Da ich die Dinge etwas anders sehe, meine ich, daß ich Euch auch eine andere Sichtweise vermitteln kann. Ich konzentriere mich hierbei mal auf einen Bereich in der Wirtschaft.
Ich führe einen Handwerksbetrieb mit derzeit neun gewerblichen Mitarbeitern. Im Jahr 2003 wurde die Handwerksordnung novelliert. Auf der Grundlage verschiedener Initiativen von Herrn Clement (Seinerseits Minister in der Koalition der SPD und der Grünen) wurde durchgesetzt, daß in vielen Bereichen der Baubranche die Pflicht einen Meistertitel zu führen abgeschafft wurde. Gleichzeitig wurde mit den Reformen am Arbeitsmarkt die Gründung von "Ich-AG´s" mit Steuermitteln gefördert. Der hier im Forum geforderte Mindestlohn ist auf dem Bau schon durchgesetzt und liegt bei 12,85€ (Nagelt mich jetzt nicht auf 5 Cent fest ). Der eigentliche Tariflohn im Baugewerbe liegt bei 15,12€.
Die drei geschilderten Punkte (Mindestlohn, Abschaffung der Meisterpflicht & Ich-AG) stellten und stellen sich für Arbeitgeber UND Arbeitnehemr als gefährliche Mischung dar:
- Bei vielen Firmen hat (unerlaubter Weise) der Mindestlohn den Tariflohn abgelöst. (Ich betone, nicht bei uns!)
Das bedeutet für einen Facharbeiter einen Bruttolohn von 2.000€ bis 2.100€ statt der tariflichen 2.400€ bis 2.500€ monatlich.

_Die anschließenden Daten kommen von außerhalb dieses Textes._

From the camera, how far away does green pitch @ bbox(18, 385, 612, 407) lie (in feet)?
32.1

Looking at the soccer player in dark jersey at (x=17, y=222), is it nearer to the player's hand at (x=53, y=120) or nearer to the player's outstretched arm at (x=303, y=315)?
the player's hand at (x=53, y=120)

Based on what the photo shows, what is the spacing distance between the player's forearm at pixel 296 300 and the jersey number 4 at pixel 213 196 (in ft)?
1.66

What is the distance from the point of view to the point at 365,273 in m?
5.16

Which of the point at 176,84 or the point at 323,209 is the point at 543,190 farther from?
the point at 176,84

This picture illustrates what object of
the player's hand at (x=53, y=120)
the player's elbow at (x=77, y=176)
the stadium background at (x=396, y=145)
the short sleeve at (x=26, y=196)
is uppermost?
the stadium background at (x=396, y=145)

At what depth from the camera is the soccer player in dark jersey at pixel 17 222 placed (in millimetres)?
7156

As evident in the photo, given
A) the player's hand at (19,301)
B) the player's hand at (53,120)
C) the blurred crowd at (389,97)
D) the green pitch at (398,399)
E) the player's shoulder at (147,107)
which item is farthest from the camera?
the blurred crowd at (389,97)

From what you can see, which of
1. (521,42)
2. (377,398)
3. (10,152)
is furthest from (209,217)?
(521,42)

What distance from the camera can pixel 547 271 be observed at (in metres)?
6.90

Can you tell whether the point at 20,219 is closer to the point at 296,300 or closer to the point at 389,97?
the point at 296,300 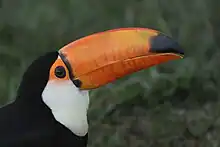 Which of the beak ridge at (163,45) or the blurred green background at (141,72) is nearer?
the beak ridge at (163,45)

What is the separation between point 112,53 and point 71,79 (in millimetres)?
176

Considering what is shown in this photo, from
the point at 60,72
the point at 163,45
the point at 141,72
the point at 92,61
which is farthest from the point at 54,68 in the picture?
the point at 141,72

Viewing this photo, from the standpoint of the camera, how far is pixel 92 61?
10.9ft

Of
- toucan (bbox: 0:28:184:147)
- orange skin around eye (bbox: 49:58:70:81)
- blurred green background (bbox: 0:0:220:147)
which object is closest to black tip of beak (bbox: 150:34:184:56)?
toucan (bbox: 0:28:184:147)

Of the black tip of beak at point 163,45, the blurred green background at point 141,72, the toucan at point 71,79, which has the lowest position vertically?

- Der Arbeitgeber muß zusätzlich noch ca. 90% Sozialaufschlag zahlen. D.h. ein Mindestlohner kostet monatlich ca. 3.800€, ein tariflich angestellter Mitarbeiter 4.500€. Würden wir das mit neun Facharbeitern durchziehen, könnten wir 75.000€ (!) jährlich sparen.
Der Verlierer ist der Mitarbeiter.
- Aber es geht noch besser. Warum sollte ich überhaupt Sozialbeiträge zahlen? In vielen, wenn nicht sogar den meisten Betrieben auf dem Bau (wieder die Betonung: nicht bei uns!) werden mittlerweile "Ich-AG´s" als Subunternehmer beschäftigt. Zwar ist Scheinselbsständigkeit verboten, überwacht wird das aber nicht. Eine "Ich-AG" (viele ehemals regulär angestellte Facharbeiter) bietet eine Arbeitsstunde so zwischen 10€ und 15€ an. Inklusive Sozialabgaben, um die Rente kümmert man sich später. Kosten für den Unternehmer: 2.400€. Das ist fast die Hälfte zum tariflich angestellten Mitarbeiter.
Gleichzeitig bedeutet das auch eine zusätzliche Belastung für die Sozialsysteme, da die ICH-AG´s meistend keine Rentenversicherungsbeiträge abführen. Wir subventionieren also eine fachlich oft nicht qualifizierte Dumpingkonkurrenz. Gleichzeitig verarmt leider wieder ein Teil des deutschen Mittelstands.
Mit meinem Beispielen will ich zeigen, daß das Wirtschaftsystem hochgradig sensibel auf Veränderungen reagiert. Wenn gesagt wird, daß der Mindestlohn sich nicht negativ auf die Beschäftigungszahl auswirkt, fällt mir eine Studie aus diesem Jahr ein, die zum Beispiel die "ICH-AG" als Erfolg ausgewiesen hat. Es wurde aber nur bewertet, wie viele dieser Unternehmen noch auf dem Markt sind und nicht wie viele tarifliche Arbeitsplätze zerstört wurden. Also vorsicht bei diesen Studien!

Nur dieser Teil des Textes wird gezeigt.